When I am in Israel, I imagine America to be a green place full of music, art, and forest.
Then I get there and remember that America is a paved place full of billboards, factoids, and vast shopping malls. I think Jerusalem is actually greener than pretty much any part of America.
Oh, well.
America does have nice public libraries. I checked out a book of which I had heard much: Last Child in the Woods, by Richard Louv.
I expected Last Child in the Woods to read like a New Yorker article, a thought-provoking treatise on why children no longer spend much time knocking about in the wilderness, and how to fix that. It turned out to contain more worry (campers in such-and-such a camp are not permitted to climb trees, can you believe it) and less analysis than I expected.

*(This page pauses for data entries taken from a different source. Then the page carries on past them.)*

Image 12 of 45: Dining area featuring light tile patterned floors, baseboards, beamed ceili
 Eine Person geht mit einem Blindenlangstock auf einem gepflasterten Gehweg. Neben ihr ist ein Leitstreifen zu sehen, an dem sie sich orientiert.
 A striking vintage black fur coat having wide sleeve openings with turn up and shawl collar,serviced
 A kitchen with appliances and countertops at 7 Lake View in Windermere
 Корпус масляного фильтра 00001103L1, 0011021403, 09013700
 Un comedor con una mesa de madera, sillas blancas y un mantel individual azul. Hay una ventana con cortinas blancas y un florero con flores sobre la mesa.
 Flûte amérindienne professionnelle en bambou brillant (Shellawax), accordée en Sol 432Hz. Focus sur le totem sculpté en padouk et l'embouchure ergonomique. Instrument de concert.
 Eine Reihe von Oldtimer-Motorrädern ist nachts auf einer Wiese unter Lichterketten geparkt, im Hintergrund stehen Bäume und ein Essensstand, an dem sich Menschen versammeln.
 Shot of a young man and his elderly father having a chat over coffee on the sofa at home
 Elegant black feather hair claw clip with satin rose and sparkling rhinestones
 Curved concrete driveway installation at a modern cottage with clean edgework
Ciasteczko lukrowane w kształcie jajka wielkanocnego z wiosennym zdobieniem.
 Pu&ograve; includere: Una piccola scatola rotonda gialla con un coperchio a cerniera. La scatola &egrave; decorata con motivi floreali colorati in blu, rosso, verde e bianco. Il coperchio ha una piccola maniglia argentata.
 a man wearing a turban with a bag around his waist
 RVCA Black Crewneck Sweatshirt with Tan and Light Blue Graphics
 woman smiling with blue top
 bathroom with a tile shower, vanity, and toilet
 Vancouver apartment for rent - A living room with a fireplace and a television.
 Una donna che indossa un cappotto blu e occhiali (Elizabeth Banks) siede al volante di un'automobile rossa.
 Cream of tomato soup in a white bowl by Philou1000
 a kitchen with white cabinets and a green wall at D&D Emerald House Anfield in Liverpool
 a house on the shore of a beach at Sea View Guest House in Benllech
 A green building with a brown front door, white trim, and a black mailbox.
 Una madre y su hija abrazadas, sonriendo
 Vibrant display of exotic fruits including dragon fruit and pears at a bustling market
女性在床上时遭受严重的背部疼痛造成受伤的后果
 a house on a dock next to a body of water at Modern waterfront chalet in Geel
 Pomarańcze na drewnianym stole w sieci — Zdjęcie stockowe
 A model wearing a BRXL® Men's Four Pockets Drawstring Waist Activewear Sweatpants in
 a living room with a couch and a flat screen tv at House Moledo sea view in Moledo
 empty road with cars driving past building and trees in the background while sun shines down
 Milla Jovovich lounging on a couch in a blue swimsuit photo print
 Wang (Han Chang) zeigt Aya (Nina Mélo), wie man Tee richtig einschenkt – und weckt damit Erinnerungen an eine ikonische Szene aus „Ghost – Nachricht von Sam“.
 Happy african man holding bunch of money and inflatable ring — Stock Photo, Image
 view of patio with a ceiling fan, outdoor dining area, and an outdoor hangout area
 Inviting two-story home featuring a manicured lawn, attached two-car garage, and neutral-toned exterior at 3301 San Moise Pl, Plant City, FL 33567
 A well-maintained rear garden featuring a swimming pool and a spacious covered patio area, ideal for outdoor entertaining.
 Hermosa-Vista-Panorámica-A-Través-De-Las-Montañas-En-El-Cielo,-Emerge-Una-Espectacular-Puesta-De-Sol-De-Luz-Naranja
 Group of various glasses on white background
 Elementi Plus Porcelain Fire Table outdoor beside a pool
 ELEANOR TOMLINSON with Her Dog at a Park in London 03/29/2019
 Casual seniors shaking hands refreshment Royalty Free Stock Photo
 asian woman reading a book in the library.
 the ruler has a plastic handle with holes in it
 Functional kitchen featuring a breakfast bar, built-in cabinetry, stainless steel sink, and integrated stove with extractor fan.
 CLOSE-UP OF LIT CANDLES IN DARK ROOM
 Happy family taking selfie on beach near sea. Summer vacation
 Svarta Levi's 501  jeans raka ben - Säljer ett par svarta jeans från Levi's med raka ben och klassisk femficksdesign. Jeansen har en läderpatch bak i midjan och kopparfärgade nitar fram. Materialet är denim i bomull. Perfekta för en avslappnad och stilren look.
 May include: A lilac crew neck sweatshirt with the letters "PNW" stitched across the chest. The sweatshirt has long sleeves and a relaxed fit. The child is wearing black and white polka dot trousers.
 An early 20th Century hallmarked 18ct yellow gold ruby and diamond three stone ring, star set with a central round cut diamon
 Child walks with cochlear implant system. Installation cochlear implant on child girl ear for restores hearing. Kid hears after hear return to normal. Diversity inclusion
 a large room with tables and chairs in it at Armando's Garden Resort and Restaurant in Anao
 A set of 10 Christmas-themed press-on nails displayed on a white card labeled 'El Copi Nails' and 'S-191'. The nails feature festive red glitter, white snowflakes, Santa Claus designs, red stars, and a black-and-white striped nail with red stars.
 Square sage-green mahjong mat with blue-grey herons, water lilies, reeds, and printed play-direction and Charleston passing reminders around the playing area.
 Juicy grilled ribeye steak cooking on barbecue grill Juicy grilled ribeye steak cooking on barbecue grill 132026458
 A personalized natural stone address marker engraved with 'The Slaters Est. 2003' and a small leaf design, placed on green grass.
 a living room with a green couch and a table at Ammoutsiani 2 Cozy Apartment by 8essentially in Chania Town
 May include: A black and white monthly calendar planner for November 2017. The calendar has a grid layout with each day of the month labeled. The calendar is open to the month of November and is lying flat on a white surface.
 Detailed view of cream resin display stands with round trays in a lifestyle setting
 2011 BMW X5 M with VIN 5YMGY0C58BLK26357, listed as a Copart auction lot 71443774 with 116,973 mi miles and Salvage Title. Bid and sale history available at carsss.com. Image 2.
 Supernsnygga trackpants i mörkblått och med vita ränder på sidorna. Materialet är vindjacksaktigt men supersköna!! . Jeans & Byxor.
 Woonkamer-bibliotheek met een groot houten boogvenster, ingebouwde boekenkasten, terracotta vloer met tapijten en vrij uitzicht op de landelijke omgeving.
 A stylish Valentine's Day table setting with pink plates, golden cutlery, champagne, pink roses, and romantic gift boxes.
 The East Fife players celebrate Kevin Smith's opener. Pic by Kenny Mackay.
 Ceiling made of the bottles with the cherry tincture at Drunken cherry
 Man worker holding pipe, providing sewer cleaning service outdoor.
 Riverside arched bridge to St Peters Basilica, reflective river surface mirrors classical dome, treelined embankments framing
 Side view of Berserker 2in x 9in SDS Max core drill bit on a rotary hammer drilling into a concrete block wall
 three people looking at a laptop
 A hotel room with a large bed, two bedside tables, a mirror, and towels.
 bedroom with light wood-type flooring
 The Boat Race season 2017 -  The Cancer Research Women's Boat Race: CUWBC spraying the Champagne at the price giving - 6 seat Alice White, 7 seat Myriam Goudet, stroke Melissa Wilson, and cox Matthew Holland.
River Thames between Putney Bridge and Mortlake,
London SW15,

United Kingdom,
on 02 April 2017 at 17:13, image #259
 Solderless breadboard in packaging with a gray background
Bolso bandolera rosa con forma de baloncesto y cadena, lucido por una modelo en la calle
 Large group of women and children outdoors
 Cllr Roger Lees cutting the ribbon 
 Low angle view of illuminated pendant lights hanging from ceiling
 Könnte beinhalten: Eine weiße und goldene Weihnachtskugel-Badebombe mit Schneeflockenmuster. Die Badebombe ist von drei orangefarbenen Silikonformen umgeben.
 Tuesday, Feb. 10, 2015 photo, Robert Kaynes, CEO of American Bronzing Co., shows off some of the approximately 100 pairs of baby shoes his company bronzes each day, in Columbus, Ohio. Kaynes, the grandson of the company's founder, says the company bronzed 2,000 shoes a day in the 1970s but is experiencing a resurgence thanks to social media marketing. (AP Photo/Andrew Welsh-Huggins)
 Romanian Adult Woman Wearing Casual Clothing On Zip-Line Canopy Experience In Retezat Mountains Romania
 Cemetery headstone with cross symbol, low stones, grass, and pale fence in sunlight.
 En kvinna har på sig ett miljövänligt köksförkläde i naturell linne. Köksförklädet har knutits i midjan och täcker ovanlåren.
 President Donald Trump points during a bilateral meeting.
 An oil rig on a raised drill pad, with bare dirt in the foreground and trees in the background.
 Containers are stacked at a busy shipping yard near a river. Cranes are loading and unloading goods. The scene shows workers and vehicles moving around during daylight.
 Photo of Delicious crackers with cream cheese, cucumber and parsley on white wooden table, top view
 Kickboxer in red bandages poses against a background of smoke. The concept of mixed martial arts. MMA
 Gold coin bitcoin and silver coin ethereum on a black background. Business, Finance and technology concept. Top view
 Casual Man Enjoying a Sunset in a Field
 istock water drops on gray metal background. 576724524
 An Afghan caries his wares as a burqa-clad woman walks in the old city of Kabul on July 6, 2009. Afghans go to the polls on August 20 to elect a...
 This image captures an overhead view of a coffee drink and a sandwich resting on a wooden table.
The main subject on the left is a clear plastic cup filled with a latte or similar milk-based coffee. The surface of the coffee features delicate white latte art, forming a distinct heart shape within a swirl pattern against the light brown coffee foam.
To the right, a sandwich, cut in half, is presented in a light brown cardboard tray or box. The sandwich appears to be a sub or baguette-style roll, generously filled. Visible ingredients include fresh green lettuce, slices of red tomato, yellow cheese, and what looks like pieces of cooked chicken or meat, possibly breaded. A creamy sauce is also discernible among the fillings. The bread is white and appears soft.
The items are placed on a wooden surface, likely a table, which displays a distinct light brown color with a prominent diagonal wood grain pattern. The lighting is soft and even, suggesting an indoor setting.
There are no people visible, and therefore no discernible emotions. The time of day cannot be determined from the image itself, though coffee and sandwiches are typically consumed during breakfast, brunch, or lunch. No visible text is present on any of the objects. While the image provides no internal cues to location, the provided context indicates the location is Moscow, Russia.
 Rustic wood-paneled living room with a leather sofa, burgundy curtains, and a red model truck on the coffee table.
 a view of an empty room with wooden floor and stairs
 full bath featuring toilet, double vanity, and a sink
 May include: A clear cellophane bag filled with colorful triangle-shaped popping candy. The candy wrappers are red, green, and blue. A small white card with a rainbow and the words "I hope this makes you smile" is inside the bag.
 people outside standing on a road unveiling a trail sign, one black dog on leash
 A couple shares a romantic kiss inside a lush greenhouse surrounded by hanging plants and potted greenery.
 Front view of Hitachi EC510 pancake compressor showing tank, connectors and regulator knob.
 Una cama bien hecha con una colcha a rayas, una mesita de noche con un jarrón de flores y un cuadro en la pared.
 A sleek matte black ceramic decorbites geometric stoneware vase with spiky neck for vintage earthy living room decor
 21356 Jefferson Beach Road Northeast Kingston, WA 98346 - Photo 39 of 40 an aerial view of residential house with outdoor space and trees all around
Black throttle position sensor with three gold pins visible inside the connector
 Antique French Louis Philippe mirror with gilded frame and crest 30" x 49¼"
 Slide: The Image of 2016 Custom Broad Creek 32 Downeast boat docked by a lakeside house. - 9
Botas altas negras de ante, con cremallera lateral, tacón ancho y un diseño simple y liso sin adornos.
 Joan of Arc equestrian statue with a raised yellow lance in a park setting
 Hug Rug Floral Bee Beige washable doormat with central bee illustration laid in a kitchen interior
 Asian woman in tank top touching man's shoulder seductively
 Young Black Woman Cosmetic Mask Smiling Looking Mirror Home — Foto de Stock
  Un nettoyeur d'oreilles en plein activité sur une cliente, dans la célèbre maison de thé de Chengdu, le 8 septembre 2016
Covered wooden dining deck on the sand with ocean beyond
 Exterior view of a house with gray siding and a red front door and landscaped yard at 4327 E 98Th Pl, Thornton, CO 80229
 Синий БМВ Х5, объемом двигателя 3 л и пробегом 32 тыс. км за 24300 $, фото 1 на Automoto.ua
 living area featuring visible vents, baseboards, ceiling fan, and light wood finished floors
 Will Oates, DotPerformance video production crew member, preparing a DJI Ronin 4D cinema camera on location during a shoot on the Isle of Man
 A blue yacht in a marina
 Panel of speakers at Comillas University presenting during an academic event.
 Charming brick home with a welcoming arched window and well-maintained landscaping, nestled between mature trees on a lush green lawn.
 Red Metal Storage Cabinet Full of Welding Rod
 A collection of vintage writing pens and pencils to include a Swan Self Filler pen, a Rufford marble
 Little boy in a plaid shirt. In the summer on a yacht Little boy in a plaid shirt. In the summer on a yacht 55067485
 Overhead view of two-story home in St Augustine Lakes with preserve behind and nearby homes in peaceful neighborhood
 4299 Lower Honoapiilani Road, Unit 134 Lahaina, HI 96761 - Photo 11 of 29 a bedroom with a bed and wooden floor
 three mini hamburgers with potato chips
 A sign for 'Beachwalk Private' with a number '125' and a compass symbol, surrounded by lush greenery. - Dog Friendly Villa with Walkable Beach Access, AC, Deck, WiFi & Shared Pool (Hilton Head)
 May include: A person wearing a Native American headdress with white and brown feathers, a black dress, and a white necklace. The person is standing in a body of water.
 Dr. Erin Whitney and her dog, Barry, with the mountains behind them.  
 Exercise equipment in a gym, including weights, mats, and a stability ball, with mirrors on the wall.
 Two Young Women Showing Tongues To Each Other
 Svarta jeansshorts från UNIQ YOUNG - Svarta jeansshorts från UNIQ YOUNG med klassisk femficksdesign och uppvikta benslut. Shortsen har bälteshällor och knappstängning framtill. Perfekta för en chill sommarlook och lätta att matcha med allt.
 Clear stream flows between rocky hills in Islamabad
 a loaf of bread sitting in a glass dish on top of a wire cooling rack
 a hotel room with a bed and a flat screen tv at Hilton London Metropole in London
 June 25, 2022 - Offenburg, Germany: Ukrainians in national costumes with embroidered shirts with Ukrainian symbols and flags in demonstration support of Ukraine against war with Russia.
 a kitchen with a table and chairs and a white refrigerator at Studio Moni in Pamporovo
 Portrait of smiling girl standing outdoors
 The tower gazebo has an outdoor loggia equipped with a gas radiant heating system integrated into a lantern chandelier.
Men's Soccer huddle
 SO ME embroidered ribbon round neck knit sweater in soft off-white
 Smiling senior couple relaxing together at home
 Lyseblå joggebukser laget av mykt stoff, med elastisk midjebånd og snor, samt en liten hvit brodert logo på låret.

The author does hint to some of the underlying questions -- What defines interacting with nature? what is the philosophical difference between building a treehouse and building a house? -- but instead of identifying and answering such questions, he gets stuck in dilemmas - e.g., he takes it as a given that treehouse-building is good for us; but he worries along with the government that in certain areas treehouses pose a fire hazard.
He also cites many statistics which may demonstrate correlation, but if they do demonstrate causation, he does not explain how. (Does using the Internet make people depressed, as he says? I could hear that. Or do depressed and lonely people turn to the Internet? Or is the culture responsible for Internet also responsible for depression?) I wound up skimming a lot of the book.
I did find fascinating his account of the planning of nature-saturated towns - in Scandinavia, naturally - in which nature is the given and the houses are arranged to fit into it, rather than the other way round. Why are the Swedes so much better at this sort of thing?